Abstract

The Roman Empire was an agrarian society. Most of the population tilled the land, but many rural laborers were slaves or tenants who did not own the land on which they worked. Economic behavior has always been embedded in a deep cultural context, and it is beyond dispute that an agrarian approach underlies Roman economic thought. The traditional ideal of a Roman citizen was as a farmer and as a soldier like the Republican hero Q. Cincinnatus, who allegedly was ploughing his land when the Senate appointed him dictator, and returned to it after a victorious sixteen-day military campaign. Although it was merely an ideal, land owing was considered the most social respectable form of investment for the elite, and, according to a law of 218 BCE, senators and their sons were forbidden to own large transport vessels. The role of agriculture in the Roman economy and the agrarian institutions changed over time, as Rome expanded and transformed from a small city-state in central Italy in fifth century bce to one of the Mediterranean great powers after the Second Punic War (218–201 bce) and finally the only superpower in the first five centuries ce.

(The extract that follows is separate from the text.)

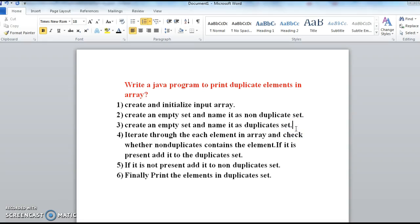Hi guys, welcome to java interviewquestions.com, this is Sandeep. Today we will write a Java program to print duplicate elements in an array.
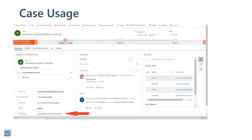When entitlements are used on cases, there is a field on the case form called 'Entitlement.' That will default in if the customer has a default entitlement associated with them, so that may happen automatically. Don't forget there may also be an SLA associated with that entitlement — on the entitlement setup there's a field that says what's the related SLA, so that might populate automatically as well.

The development of Roman agriculture can be deduced from data available from written evidence—literary and legal sources, inscriptions, and papyri—and archaeological material, where excavations of farms and villas together with field surveys are important. Information about the development of the settlement pattern in certain regions depends on this evidence, but distribution maps may reflect only the degree of publications of archaeological fieldwork in these areas. The crops varied according to climate and geography, and there are huge differences between the Roman provinces from Britain in the north to the provinces of North Africa in the south and from Spain in the west to Syria in the east. The recent rapid development of paleoethnobotany has offered much new data on crops and agricultural practice in different regions. These regional diversities are also reflected in settlement patterns and the rural labor force. More traditional forms of labor, such as tenants and dependent peasants, dominated the rural manpower in the provinces, and agricultural slavery was widespread only in Italy and Sicily, with the exception of managers of estates owned by the elite. This diversity became even more profound in Late Antiquity with the transformation of society and the economy together with the slow disintegration of the empire.